Der Magistrat wird aufgefordert, ein umfassendes Willkommenspaket für in Frankfurt tätige Erzieherinnen und Erzieher zu schnüren und prüft dies auch für andere Menschen, die in sozialen Berufen arbeiten, bei denen in Frankfurt akuter Fachkräftemangel herrscht. Im Fokus dabei soll ein Sonderzugang zu (städtischen) Wohnungen stehen, die auch für Menschen mit einem mittleren Einkommen bezahlbar sind. Zu diesem Zweck werden folgende Maßnahmen umgesetzt. Die Ergebnisse werden der Stadtverordnetenversammlung unaufgefordert in einem Bericht dargelegt.

  1. Der Magistrat verhandelt mit den stadtnahen Wohnungsbaugesellschaften wie der ABG über entsprechende Kontingente und einen besonderen Zugang zu Wohnungen für Erzieher/-innen.

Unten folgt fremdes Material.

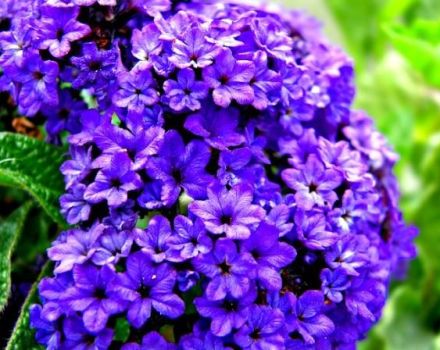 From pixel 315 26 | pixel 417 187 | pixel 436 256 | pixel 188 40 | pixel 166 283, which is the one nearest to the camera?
pixel 166 283

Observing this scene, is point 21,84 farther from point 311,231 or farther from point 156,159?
point 311,231

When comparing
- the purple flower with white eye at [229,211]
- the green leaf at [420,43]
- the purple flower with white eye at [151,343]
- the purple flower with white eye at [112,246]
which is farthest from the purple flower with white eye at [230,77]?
the green leaf at [420,43]

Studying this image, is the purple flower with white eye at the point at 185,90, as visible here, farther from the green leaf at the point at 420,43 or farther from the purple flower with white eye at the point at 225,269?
the green leaf at the point at 420,43

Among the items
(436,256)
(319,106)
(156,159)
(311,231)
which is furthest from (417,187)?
(156,159)

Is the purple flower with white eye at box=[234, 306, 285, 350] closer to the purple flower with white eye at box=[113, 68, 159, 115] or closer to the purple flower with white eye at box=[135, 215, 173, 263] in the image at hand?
the purple flower with white eye at box=[135, 215, 173, 263]

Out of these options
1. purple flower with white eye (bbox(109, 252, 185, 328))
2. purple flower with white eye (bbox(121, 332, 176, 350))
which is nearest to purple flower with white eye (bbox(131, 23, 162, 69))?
purple flower with white eye (bbox(109, 252, 185, 328))

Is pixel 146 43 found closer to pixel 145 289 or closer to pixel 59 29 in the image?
pixel 59 29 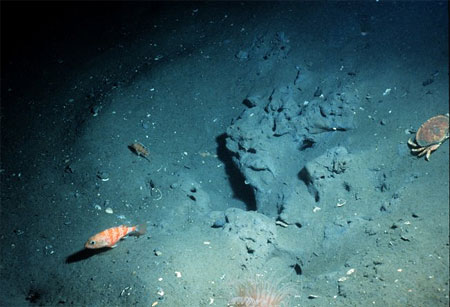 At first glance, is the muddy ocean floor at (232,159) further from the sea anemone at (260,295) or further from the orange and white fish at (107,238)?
the orange and white fish at (107,238)

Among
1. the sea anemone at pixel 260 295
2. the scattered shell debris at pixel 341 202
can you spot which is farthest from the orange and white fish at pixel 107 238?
the scattered shell debris at pixel 341 202

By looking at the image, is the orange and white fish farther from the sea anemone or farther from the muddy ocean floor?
the sea anemone

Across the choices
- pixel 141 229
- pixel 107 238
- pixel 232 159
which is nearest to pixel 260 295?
pixel 141 229

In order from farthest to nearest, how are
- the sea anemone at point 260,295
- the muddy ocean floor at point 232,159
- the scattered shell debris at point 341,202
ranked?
1. the scattered shell debris at point 341,202
2. the muddy ocean floor at point 232,159
3. the sea anemone at point 260,295

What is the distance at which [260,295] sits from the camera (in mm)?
2900

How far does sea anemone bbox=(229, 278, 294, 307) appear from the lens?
2822 mm

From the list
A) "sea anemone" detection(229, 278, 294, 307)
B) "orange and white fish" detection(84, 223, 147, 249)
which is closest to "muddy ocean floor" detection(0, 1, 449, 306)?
"sea anemone" detection(229, 278, 294, 307)

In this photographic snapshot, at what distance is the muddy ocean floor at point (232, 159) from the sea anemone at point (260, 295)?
0.21 feet

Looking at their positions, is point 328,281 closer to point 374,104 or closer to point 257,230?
point 257,230

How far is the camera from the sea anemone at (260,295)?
2.82 metres

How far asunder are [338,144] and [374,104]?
34.0 inches

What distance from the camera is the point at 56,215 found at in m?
3.76

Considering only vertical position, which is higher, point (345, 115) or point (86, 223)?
point (345, 115)

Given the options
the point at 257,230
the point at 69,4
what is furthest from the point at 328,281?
the point at 69,4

  2. Der Magistrat prüft auf Basis eines Leerstandsberichts (siehe NR 785/23), welche leerstehenden Flächen in Liegenschaften, die der Stadt Frankfurt entweder als Eigentümerin gehören, für die eine Erbbauberechtigung besteht oder die von der Stadt Frankfurt angemietet wurden, sich für die Errichtung von 'Betriebswohnungen' für die genannten Fachkräfte eignen und ertüchtigt diese. Er prüft, unter welchen rechtlichen und steuerlichen Voraussetzungen die Wohnungen als Betriebswohnungen bereitgestellt werden können und entwickelt ein Vergabemodell, das sowohl Erzieher/innen des Eigenbetriebs Kita als auch Mitarbeiter/innen in Frankfurt angesiedelter freier Träger der Kinderbetreuung berücksichtigt.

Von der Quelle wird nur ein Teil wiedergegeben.